A persistent theme across all five Economic Index reports has been geographic concentration, and the latest data shows this pattern is not closing. According to the February 2026 data, the top 20 countries by per-capita usage accounted for 48% of all usage adjusted for population, up from 45% in November 2025. The Gini coefficient for cross-country usage rose over the same period, indicating that the gap between high-adoption and low-adoption countries widened slightly .

Within the United States, the picture is different. States with lower per-capita usage continued converging toward the national mean, though at a slower pace than in earlier reports. The share of per-person usage accounted for by the top five states fell from 30% to 24% between August 2025 and February 2026. However, the researchers revised their earlier projections: at the current pace, US states would reach roughly equal per-capita Claude usage in five to nine years, rather than the two-to-five-year estimate published previously .

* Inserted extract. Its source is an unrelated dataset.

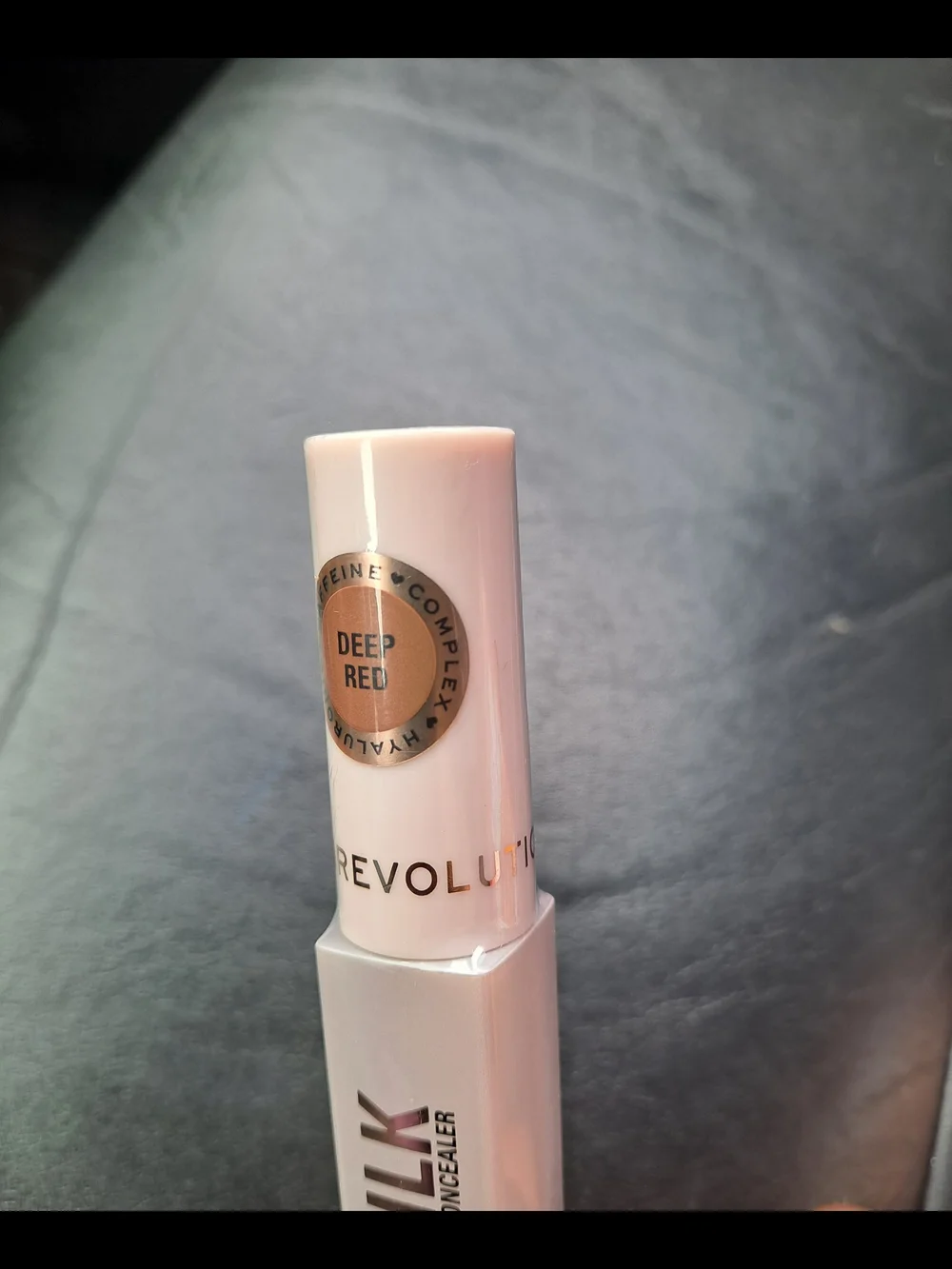 Skin Silk Under Eye Brightener - Deep Red -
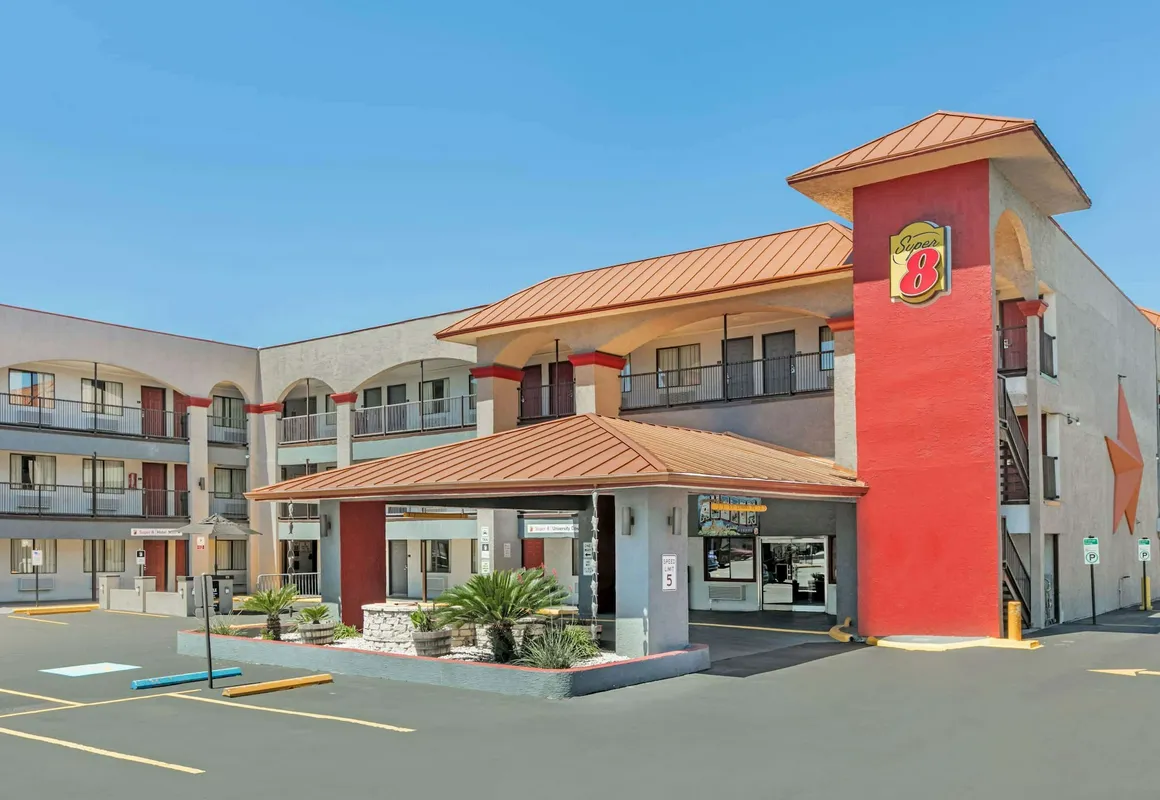 Super 8 by Wyndham Austin University/Downtown Area hotel hero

About 49% of jobs have now seen at least a quarter of their tasks performed using Claude, a figure that barely changed from the previous report. This suggests that the breadth of occupational exposure has stabilized even as depth varies considerably across different industries and regions .

How Do Users Choose Between Claude's Different Models?

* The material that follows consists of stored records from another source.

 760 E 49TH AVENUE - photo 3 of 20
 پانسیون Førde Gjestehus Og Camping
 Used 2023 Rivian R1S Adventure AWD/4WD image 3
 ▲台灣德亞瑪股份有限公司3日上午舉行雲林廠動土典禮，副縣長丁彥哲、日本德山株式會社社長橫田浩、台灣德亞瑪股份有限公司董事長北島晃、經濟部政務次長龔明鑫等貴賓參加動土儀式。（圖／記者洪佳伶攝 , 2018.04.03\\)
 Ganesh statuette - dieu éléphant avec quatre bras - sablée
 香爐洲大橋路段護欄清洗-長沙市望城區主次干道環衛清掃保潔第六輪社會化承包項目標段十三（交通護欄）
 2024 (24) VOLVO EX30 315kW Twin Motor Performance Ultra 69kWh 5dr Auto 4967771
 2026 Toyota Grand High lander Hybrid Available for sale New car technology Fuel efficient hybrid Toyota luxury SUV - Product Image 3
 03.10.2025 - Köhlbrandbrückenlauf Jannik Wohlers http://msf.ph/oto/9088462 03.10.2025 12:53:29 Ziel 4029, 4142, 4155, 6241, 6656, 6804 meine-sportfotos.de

One of the report's analytical chapters examines how users distribute their work across Claude's three model classes: Haiku, Sonnet, and Opus. The Opus class uses the most tokens and is priced at a premium on the API, but offers the strongest performance on complex tasks. If users are calibrating rationally, Opus should appear more often on harder, higher-wage work .

That is broadly what the data shows. According to the report, 51% of overall usage on paid Claude.ai accounts involves Opus. Among Computer and Mathematical tasks, which include software development, that figure rises to 55%, representing a 4.4 percentage point overrepresentation relative to the average. Educational tasks, by contrast, see Opus used at a rate 6.5 percentage points below average .

The relationship is roughly linear. On Claude.ai, for every additional $10 per hour in occupational wage associated with a task, the share of conversations using Opus increases by 1.5 percentage points. That slope is about twice as steep for first-party API users, at 2.8 percentage points, suggesting that developers integrating Claude into products are even more sensitive to task complexity when selecting models .

The widening success gap between experienced and new Claude users underscores a broader truth about AI tools: they reward expertise. As the platform matures and more users accumulate months of experience, those who have invested time in learning Claude's capabilities and limitations will continue to pull ahead. For organizations and individuals just beginning their Claude journey, this finding suggests that the learning curve is real, but the payoff is substantial.